One Language, Two Scripts: Probing Script-Invariance in LLM Concept Representations
SAE features in LLMs capture meaning, not spelling, even when scripts share zero tokens.
A new research paper accepted at the UCRL Workshop at ICLR 2026 provides compelling evidence that the internal concepts learned by large language models (LLMs) are abstract and meaning-based, not tied to surface-level text. Researcher Sripad Karne used Serbian digraphia—where the language is written interchangeably in Latin and Cyrillic scripts with a near-perfect character mapping—as a controlled testbed. Crucially, these scripts are tokenized completely differently in models, sharing no tokens whatsoever. By analyzing Sparse Autoencoder (SAE) feature activations across the Gemma model family (from 270M to 27B parameters), the study found that identical sentences in different scripts activate highly overlapping features, far exceeding random baselines.
Strikingly, changing the script caused less representational divergence than paraphrasing within the same script, indicating that SAE features prioritize semantic meaning over orthographic form. Cross-script and cross-paraphrase comparisons provided evidence against mere memorization, as these specific combinations rarely co-occur in training data yet still showed substantial feature overlap. The research also found that this script invariance strengthens with model scale, suggesting larger models develop more abstract internal representations. The authors propose Serbian digraphia as a general evaluation paradigm for probing the abstractness of learned representations in AI systems, offering a cleaner method than previous techniques that couldn't perfectly control for meaning.

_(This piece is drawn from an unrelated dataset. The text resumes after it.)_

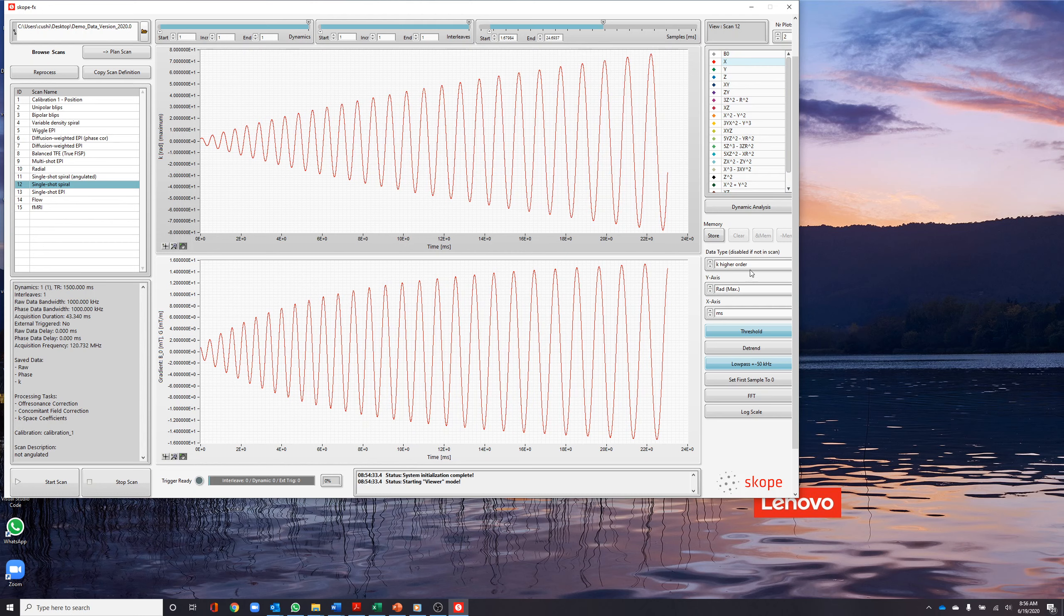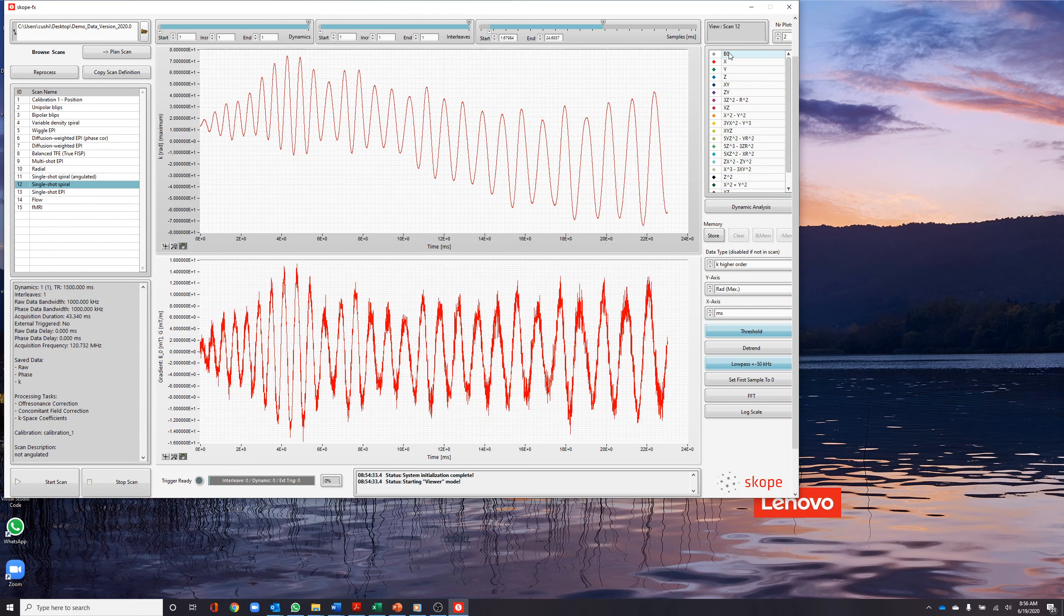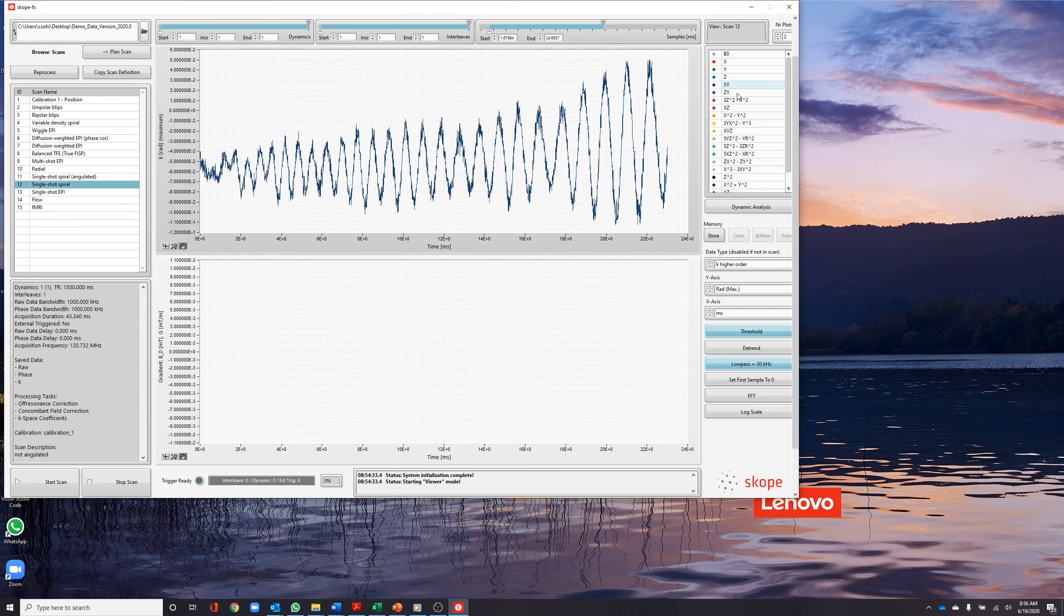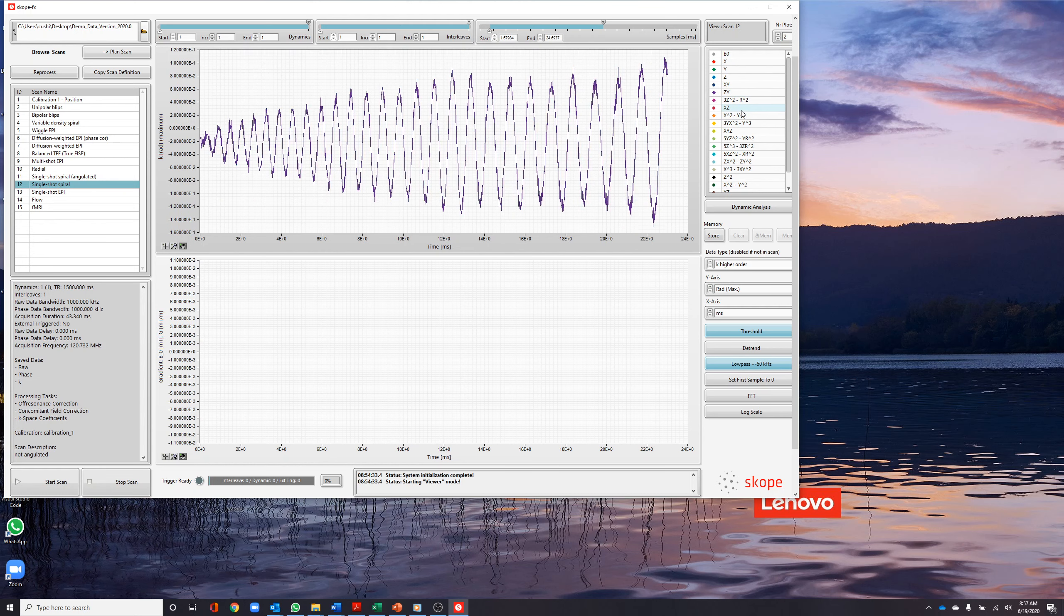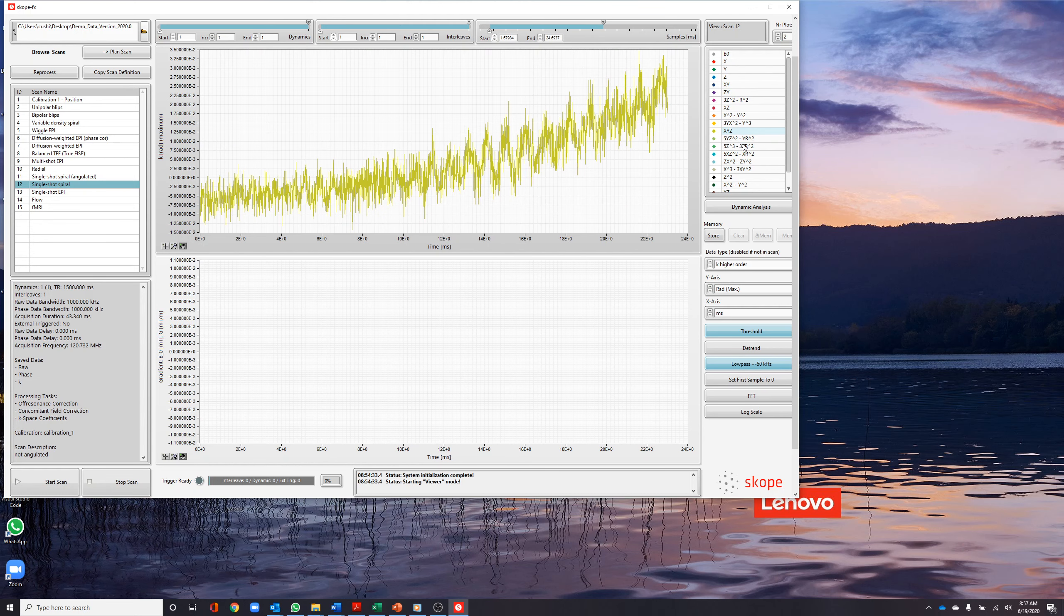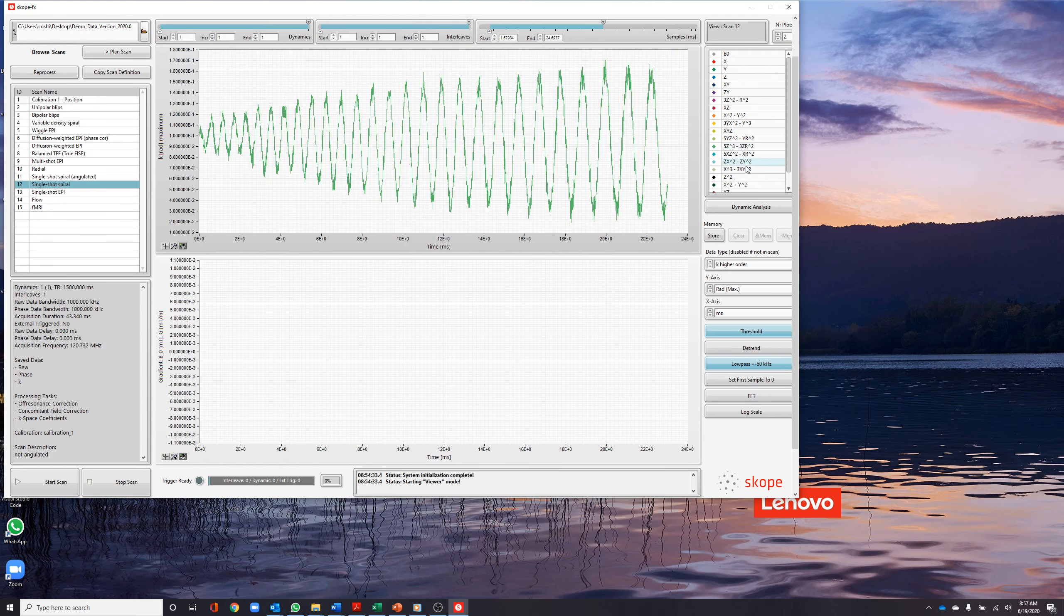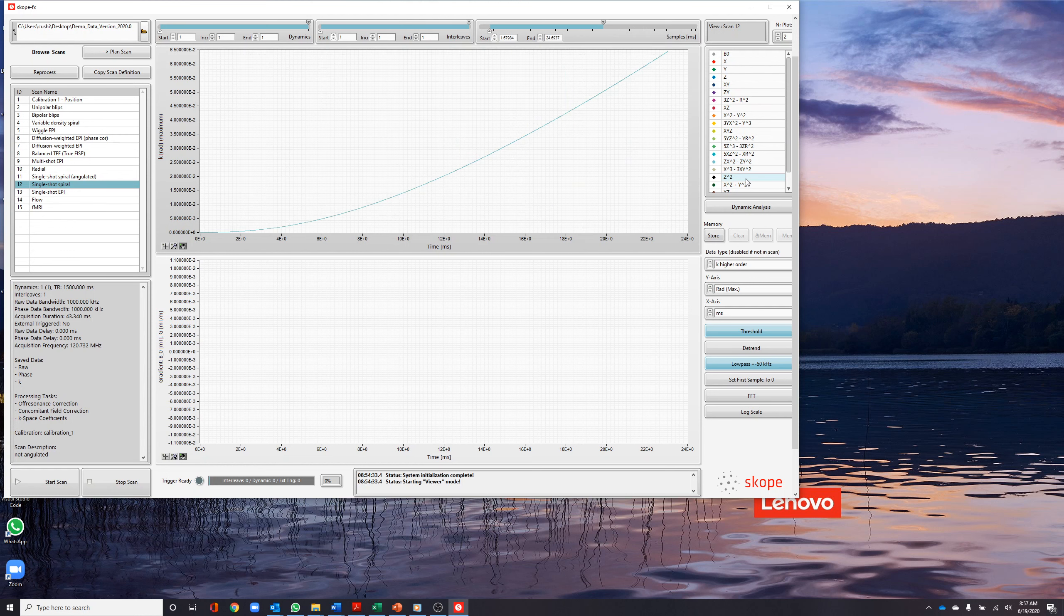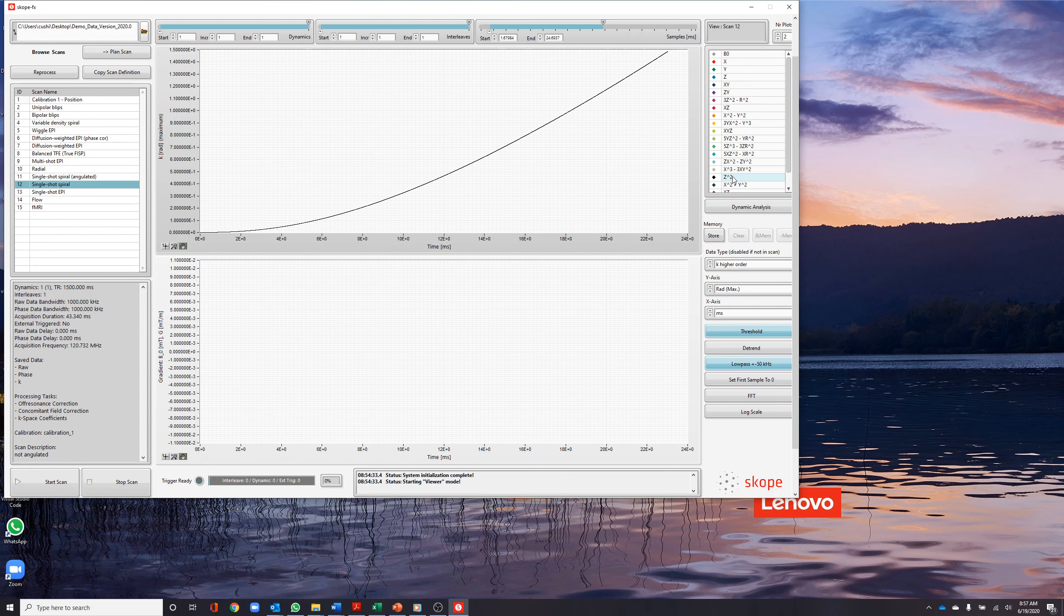B0 field fluctuations can be seen by selecting the B0 channel. Higher-order terms can be visualized by selecting k higher-order. Higher-order terms are a result of concomitant fields that arise when gradients are activated. We can see the magnitude of each of these fields by selecting various channels.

- SAE features in Gemma models show high overlap for identical meanings in different scripts (Latin vs. Cyrillic), despite zero shared tokens.
- Script changes cause less representational divergence than paraphrasing within the same script, proving features capture semantics over form.
- The 'script invariance' effect strengthens with model scale across the Gemma family (270M to 27B parameters).
Why It Matters
Provides a clearer method to evaluate if AI models understand abstract concepts, crucial for developing more robust and interpretable systems.